24-30 March 2017 #851

Hell or High Water

Hell or High Water justly joins the ranks of eight other excellent films that were nominated for “Best Picture” this year
Sophia Pande

It’s hard to come by a good western these days but Hell or High Water is one of them. It’s easy to see why it was one of the nine “Best Picture” nominees at this year’s Academy Awards (it didn’t win): it has the gravitas that the Academy tends to reward. Luckily, it also has an original mind behind it, that of Taylor Sheridan, the actor turned screenwriter who was also nominated for “Best Original Screenplay”.

While Sheridan may not have won an Oscar for his writing, he certainly deserves immense recognition for having written original source material that is insightful, surprising, brutal with reason, and a poignant, unusual hybrid of family drama, a gripping cops and cowboys chase, a heist film, and a brotherly romance without the usual nausea-inducing maudlin aspects.

The film tells the story of two brothers, Toby and Tanner Howard (Chris Pine and Ben Foster) who decide to rob the entity that did them in, systematically holding up branches of the Texas Midlands Bank across the state to get what they need to settle their mortgage and stop their ranch from being seized, after an unfair loan was foisted on their ill mother when she needed money most.

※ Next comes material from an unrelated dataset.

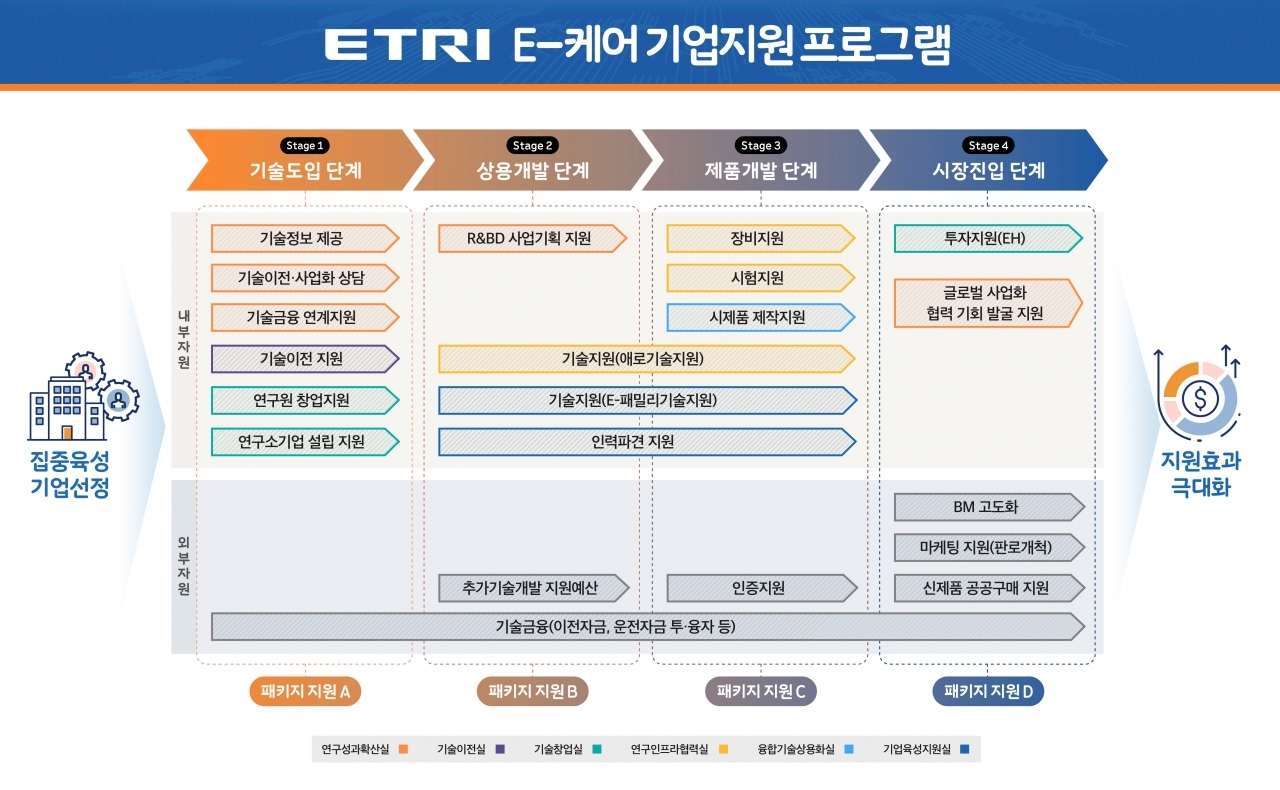ETRI의 기업 지원 프로그램. [자료=ETRI]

The brothers are polar opposites. Toby is a family man estranged from his sullen wife who takes care of his two boys and holds years of unpaid child support against him. Tanner is the felon, a crazy, happy-go-lucky sociopath whose only saving grace is that he loves his brother. On their trail are Texas Rangers Marcus Hamilton (Jeff Bridges) and Alberto Parker (Gil Birmingham), an odd couple that give an insight into ingrained, casual southern racism, and the continuing plight of Native Americans (Alberto is a Comanche).

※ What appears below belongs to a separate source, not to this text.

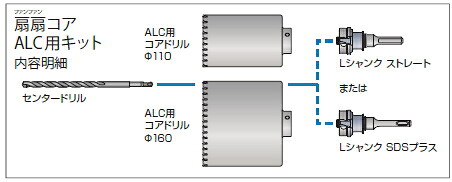 ミヤナガ　ポリクリックシリーズ　扇扇コアALC用キット　SDSプラスシャンク　PCFALC1R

As the brothers rob bank after bank, Marcus Hamilton figures out their game (somewhat) making things more interesting. But just when you think you know what’s going to happen, things take unexpected turns, keeping everyone riveted in a beautifully shot film that shows so much more heart than the usual mainstream drama.

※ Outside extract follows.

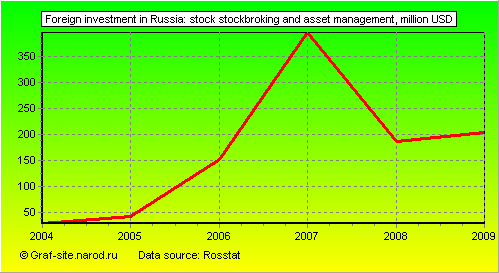 Charts - Foreign investment in Russia - Stock stockbroking and asset management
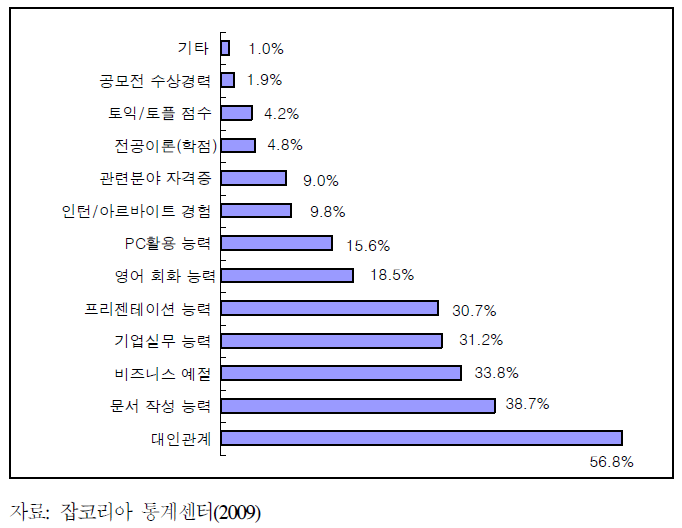 응시자들이 가장 소홀히 준비한다고 생각하는 항목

I cannot elaborate more on this fine film without giving things away, but I will say that Hell or High Water justly joins the ranks of eight other excellent films that were nominated for “Best Picture” this year. This is a promising turn given the dismal pickings from the past couple of years; deathly dull, derivative films have ruled in an industry where making money is the primary goal.

Hell or High Water was made for $12 million; it made $37.6 million at the box office to date and will certainly make more as it reaches DVD and other methods of home distribution. Not bad for a film that is original and full of interesting characters that actually seem like real people.